### TASK PROMPT
Output each line of the data word for word, from the first through the line that holds "丸五 - ロースソテー、セット　2400円", and leave off whatever follows.

### MATERIALS PROVIDED
+---+
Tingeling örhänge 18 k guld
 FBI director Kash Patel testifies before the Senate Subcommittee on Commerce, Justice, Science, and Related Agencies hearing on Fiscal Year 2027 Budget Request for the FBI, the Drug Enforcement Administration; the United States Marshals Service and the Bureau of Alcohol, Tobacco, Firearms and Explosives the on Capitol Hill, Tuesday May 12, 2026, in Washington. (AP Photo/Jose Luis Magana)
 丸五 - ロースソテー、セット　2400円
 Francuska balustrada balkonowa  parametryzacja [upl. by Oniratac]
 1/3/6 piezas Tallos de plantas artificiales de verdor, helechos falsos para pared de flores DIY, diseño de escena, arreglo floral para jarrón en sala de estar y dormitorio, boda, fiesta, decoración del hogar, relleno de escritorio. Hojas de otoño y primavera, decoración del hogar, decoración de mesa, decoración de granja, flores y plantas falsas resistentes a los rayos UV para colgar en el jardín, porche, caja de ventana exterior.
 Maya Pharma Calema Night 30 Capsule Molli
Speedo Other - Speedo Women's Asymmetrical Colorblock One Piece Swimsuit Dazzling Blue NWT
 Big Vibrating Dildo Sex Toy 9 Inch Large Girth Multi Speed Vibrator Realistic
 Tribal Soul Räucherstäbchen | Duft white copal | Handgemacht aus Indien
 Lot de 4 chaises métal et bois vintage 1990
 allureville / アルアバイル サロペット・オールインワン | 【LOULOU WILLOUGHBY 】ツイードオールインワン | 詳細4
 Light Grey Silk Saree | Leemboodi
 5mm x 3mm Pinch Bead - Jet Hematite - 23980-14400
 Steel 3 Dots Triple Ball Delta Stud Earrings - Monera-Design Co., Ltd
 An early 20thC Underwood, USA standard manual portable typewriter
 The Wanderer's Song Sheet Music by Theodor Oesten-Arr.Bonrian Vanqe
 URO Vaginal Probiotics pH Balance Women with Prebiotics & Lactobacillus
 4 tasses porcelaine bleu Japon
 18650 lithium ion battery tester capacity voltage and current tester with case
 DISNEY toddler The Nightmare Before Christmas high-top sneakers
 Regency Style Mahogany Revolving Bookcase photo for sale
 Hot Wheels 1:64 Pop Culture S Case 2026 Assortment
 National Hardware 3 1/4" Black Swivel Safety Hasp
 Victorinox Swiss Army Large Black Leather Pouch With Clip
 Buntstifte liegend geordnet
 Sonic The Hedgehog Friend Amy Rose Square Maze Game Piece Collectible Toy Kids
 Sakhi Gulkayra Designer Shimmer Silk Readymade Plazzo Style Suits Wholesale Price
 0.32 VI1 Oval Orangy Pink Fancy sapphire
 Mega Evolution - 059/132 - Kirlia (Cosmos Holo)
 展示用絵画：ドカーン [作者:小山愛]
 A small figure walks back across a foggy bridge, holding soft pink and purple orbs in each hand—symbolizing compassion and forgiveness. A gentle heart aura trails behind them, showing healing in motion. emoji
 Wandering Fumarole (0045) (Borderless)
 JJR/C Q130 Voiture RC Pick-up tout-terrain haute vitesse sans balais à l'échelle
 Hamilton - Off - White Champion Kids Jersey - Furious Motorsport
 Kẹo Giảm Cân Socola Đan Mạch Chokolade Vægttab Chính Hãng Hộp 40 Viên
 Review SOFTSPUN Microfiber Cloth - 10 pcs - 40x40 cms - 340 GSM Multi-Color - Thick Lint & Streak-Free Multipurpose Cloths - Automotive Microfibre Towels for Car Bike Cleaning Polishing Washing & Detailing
+---+
### RESULT FOR THIS EXERCISE
Tingeling örhänge 18 k guld
 FBI director Kash Patel testifies before the Senate Subcommittee on Commerce, Justice, Science, and Related Agencies hearing on Fiscal Year 2027 Budget Request for the FBI, the Drug Enforcement Administration; the United States Marshals Service and the Bureau of Alcohol, Tobacco, Firearms and Explosives the on Capitol Hill, Tuesday May 12, 2026, in Washington. (AP Photo/Jose Luis Magana)
 丸五 - ロースソテー、セット　2400円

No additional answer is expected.